__Dataset content__
::::::::
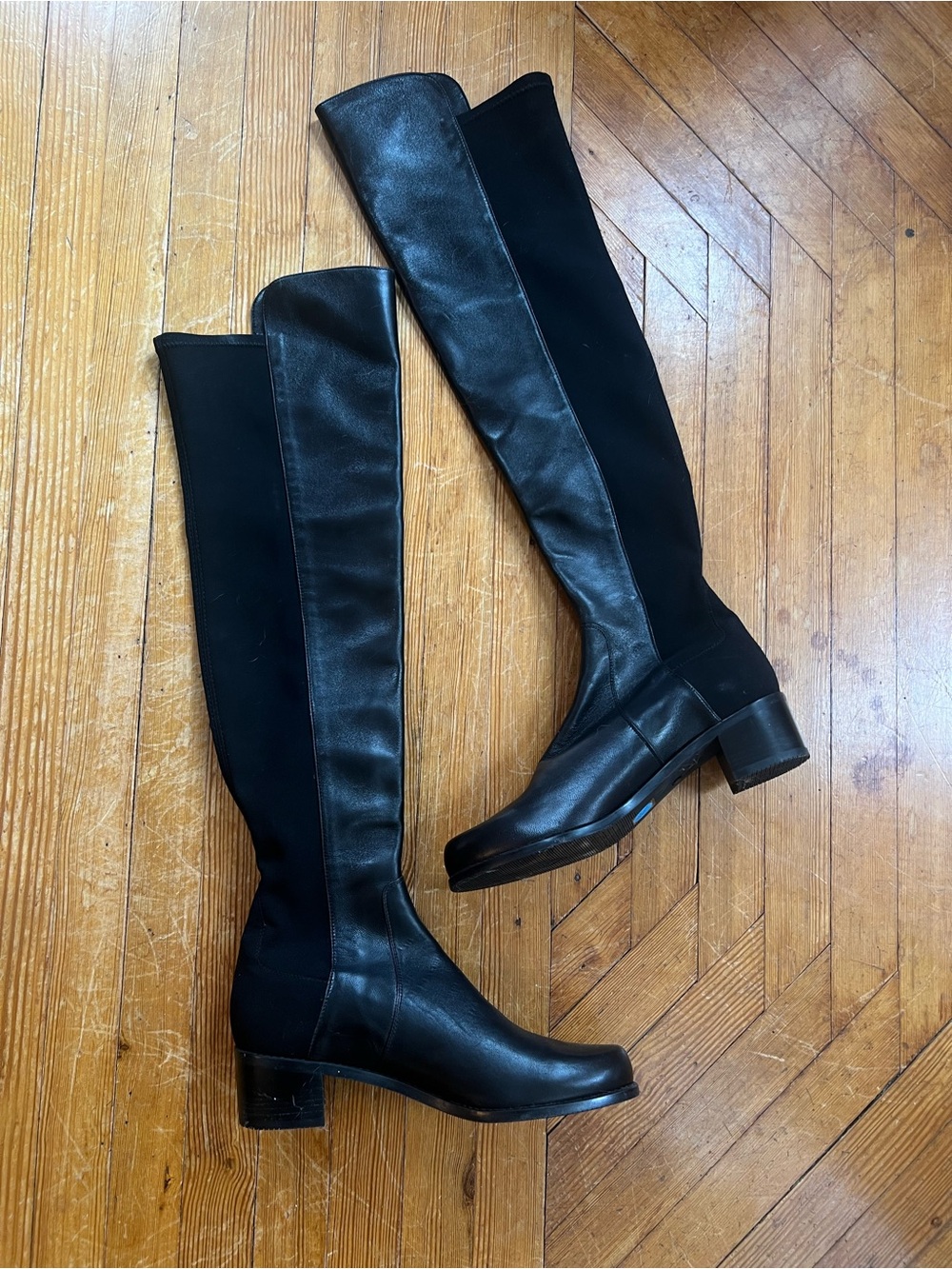 Stewart Weitzman women’s Women's Black Over-the-Knee Stretch Leather Boots 8.5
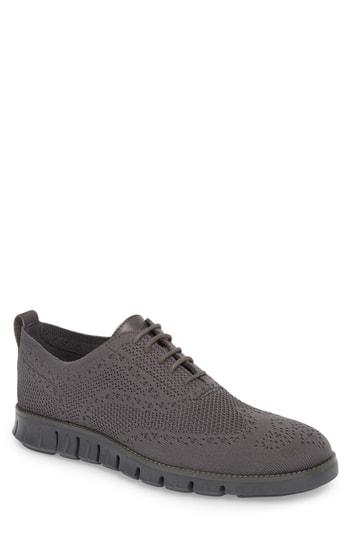Men's Cole Haan Zerogrand Stitchlite Woven Wool Wingtip .5 M - Grey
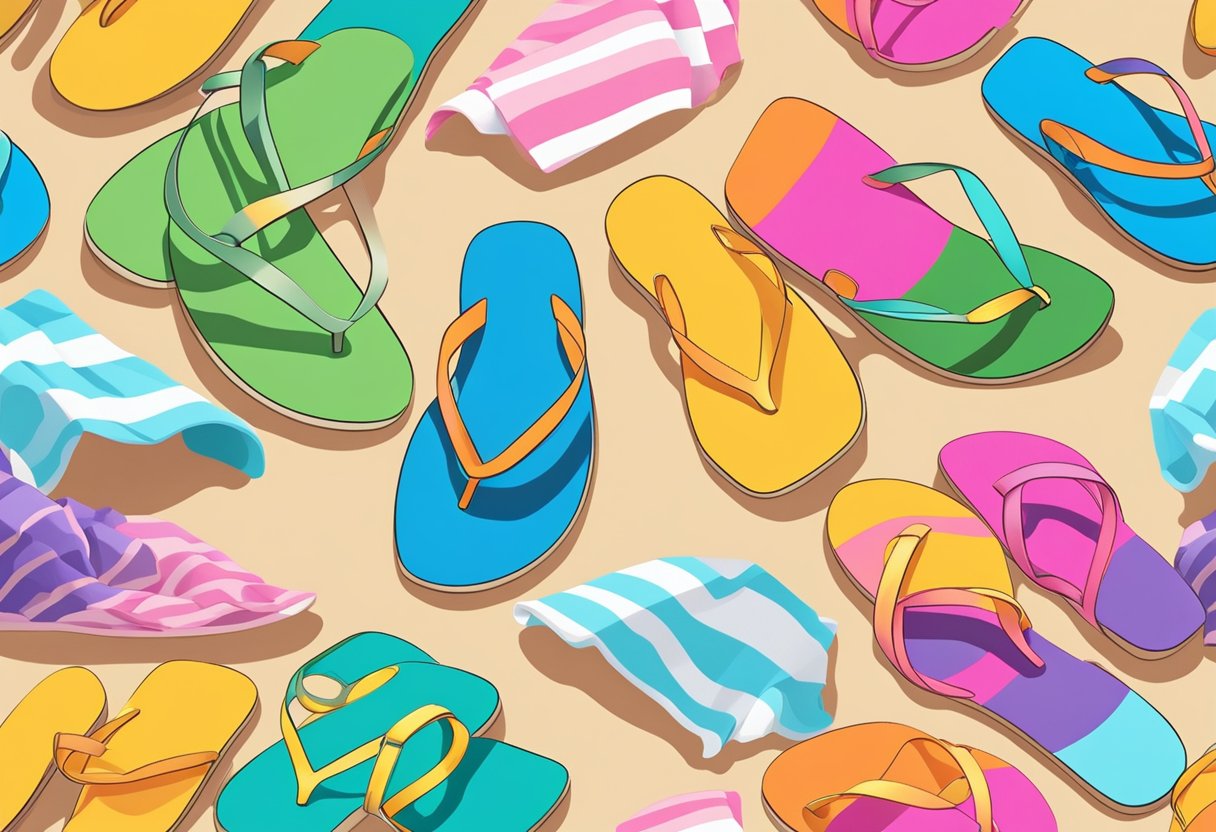 A colorful array of sandals lined up on a sandy beach, surrounded by vibrant beach towels and sun hats. The sun is shining, and a gentle breeze ruffles the palm trees in the background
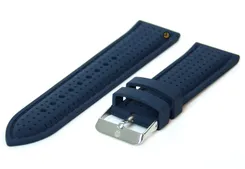 Horlogeband 20mm siliconen blauw - perforated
::::::::
__Exercise details__
Excluding all images, transcribe the material word for word.

__Result of this exercise__
 Stewart Weitzman women’s Women's Black Over-the-Knee Stretch Leather Boots 8.5
Men's Cole Haan Zerogrand Stitchlite Woven Wool Wingtip .5 M - Grey
 A colorful array of sandals lined up on a sandy beach, surrounded by vibrant beach towels and sun hats. The sun is shining, and a gentle breeze ruffles the palm trees in the background
 Horlogeband 20mm siliconen blauw - perforated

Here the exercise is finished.